Both Saxonica 9.4.0.6 and Java built-in validators producing an error.
My next step was to comment out 99.99% of the XML and re-run the XSD validation. Alas, the same outcome XSD validation error.
It seems that the mentioned above XSD validators still loading even commented out nodes of the XML in the DOM.
Exception in thread "main" java.lang.reflect.InvocationTargetException
at sun.reflect.NativeMethodAccessorImpl.invoke0(Native Method)
at sun.reflect.NativeMethodAccessorImpl.invoke(Unknown Source)
at sun.reflect.DelegatingMethodAccessorImpl.invoke(Unknown Source)
at java.lang.reflect.Method.invoke(Unknown Source)
at com.stylusstudio.debugger.saxon.Validate.main(Validate.java:93)
Caused by: java.lang.OutOfMemoryError: Java heap space
at com.sun.org.apache.xerces.internal.util.XMLStringBuffer.append(Unknown Source)
at com.sun.org.apache.xerces.internal.impl.XMLEntityScanner.scanData(Unknown Source)
at com.sun.org.apache.xerces.internal.impl.XMLScanner.scanComment(Unknown Source)
at com.sun.org.apache.xerces.internal.impl.XMLDocumentFragmentScannerImpl.scanComment(Unknown Source)
at com.sun.org.apache.xerces.internal.impl.XMLDocumentFragmentScannerImpl$FragmentContentDriver.next(Unknown Source)
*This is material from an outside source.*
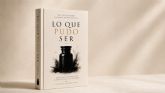 Adri�n Dom�nguez publica 'Lo que pudo ser', una novela que combina ambientaci�n medieval y una reflexi�n sobre la p�rdida y la reconstrucci�n personal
at com.sun.org.apache.xerces.internal.impl.XMLDocumentScannerImpl.next(Unknown Source)
at com.sun.org.apache.xerces.internal.impl.XMLNSDocumentScannerImpl.next(Unknown Source)
at com.sun.org.apache.xerces.internal.impl.XMLDocumentFragmentScannerImpl.scanDocument(Unknown Source)
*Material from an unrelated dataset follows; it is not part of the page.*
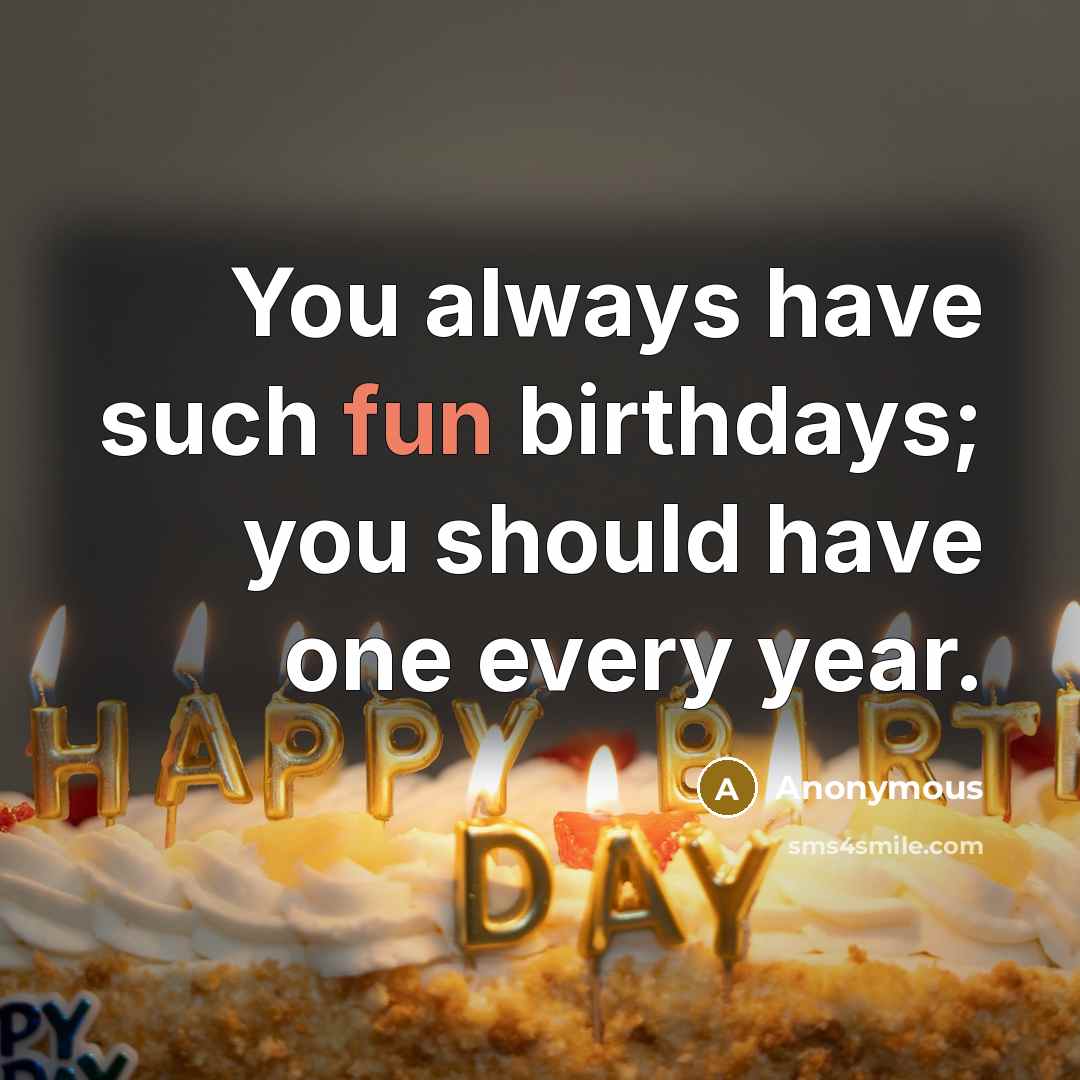 “You always have such fun birthdays; you should have one every year.” quote by Anonymous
at com.sun.org.apache.xerces.internal.parsers.XML11Configuration.parse(Unknown Source)
at com.sun.org.apache.xerces.internal.parsers.XML11Configuration.parse(Unknown Source)
at com.sun.org.apache.xerces.internal.parsers.XMLParser.parse(Unknown Source)
at com.sun.org.apache.xerces.internal.parsers.AbstractSAXParser.parse(Unknown Source)
at com.sun.org.apache.xerces.internal.jaxp.SAXParserImpl$JAXPSAXParser.parse(Unknown Source)
at net.sf.saxon.event.Sender.sendSAXSource(Sender.java:405)
at net.sf.saxon.event.Sender.send(Sender.java:152)
at com.saxonica.Validate.processFile(Validate.java:514)
at com.saxonica.Validate.doValidate(Validate.java:347)
at com.saxonica.Validate.main(Validate.java:62)
... 5 more
P.S. I prefer to use Saxonica validator because of its detailed validation information
Subject:XSD validation scalability issue Author:Ivan Pedruzzi Date:20 Jan 2013 12:33 AM
The out of memory error was caused by a very large section of the XML document that was inside a comment. Saxon validates using a SAX filter which materializes comments as text nodes in memory.